Se, quindi, il cliente mantiene il diritto alla detrazione per un’operazione erroneamente assoggettata al sistema dell’inversione contabile e il fornitore, che avrebbe dovuto applicare l’imposta in fattura, beneficia di una sanzione attenuata rispetto a quella ordinaria (dal 90% al 100% dell’imposta), allo stesso modo il cliente che abbia assolto in rivalsa l’imposta erroneamente addebitata dal fornitore deve avere il diritto ad operare la detrazione, ferma in tal caso l’applicazione nei cuoi confronti della sanzione ridotta (da 250 euro a 10.000 euro).

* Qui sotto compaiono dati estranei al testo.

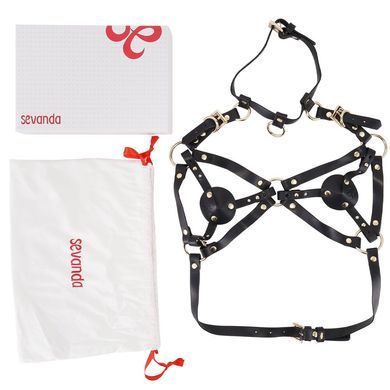 Стильная портупея-бра LOCKINK SEVANDA Queen Chest Harness with Removable Bra картинка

Il nuovo intervento legislativo si pone come rimedio in tutti quei casi in cui il recupero in sede civilistica dell’imposta sia impossibile o eccessivamente difficile (es. fornitore sottoposto a fallimento), ma che la giurisprudenza “euro-unionale” (causa C-564/15, Farkas) e nazionale (Cass. n. 24923/2016) ha inteso comunque tutelare consentendo al cliente, soggettivo passivo IVA, di chiedere il rimborso direttamente all’Amministrazione finanziaria.
Sotto questo profilo, la novellata disposizione – nell’ottica di semplificare i rapporti discendenti dall’erroneo addebito dell’imposta in fattura – riconosce la detrazione in capo al cliente a fronte del debito IVA nei confronti del fornitore ed è perfettamente in linea con la recente ordinanza della Corte UE di cui alla causa C-314/17 del 23 novembre 2017 (Geocycle Bulgaria), secondo cui “les principes de neutralité fiscale et d’effectivité du système commun de la TVA doivent être interprétés en ce sens qu’ils s’opposent à ce qu’un État membre refuse au destinataire d’une livraison le droit de déduire la TVA acquittée en amont, lorsque, pour une seule et même livraison, la TVA est perçue une première fois auprès du fournisseur, étant donné qu’il l’a mentionnée dans la facture qu’il a émise, puis une seconde fois auprès du destinataire, dans les cas où la législation nationale ne prévoit pas la possibilité de rectifier la TVA lorsqu’il existe une décision de redressement fiscal” (punto 35).
Un ultimo aspetto da considerare è quello degli effetti delle nuove disposizioni, che non possono che essere retroattivi, a dispetto della decorrenza prevista dalla Legge europea 2017 (12 dicembre 2017) e della Legge di Bilancio 2018 (1° gennaio 2018).
Entrambe le previsioni, nel riconoscere il diritto di rimborso del fornitore e di detrazione del cliente, intendono, infatti, adeguare la normativa nazionale a quella unionale, in coerenza con il principio di effettività tutelato dalla stessa giurisprudenza della Corte di giustizia sopra richiamata.